**Work required**
Only one stretch of the records below is wanted: the lines from the one holding "Moon Boot Women's" through the one holding "điểm nhấn Trang". Return it exactly, both ends included.

**Source data**
· · · · · · ·

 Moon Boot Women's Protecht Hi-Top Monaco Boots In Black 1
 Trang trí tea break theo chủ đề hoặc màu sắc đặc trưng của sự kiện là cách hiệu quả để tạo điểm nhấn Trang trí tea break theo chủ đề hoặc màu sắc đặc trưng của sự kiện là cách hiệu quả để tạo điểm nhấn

· · · · · · ·

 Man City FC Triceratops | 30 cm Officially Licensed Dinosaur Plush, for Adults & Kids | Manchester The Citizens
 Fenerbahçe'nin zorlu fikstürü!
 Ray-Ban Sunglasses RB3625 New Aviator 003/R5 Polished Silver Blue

· · · · · · ·

**Solution below**
 Moon Boot Women's Protecht Hi-Top Monaco Boots In Black 1
 Trang trí tea break theo chủ đề hoặc màu sắc đặc trưng của sự kiện là cách hiệu quả để tạo điểm nhấn Trang trí tea break theo chủ đề hoặc màu sắc đặc trưng của sự kiện là cách hiệu quả để tạo điểm nhấn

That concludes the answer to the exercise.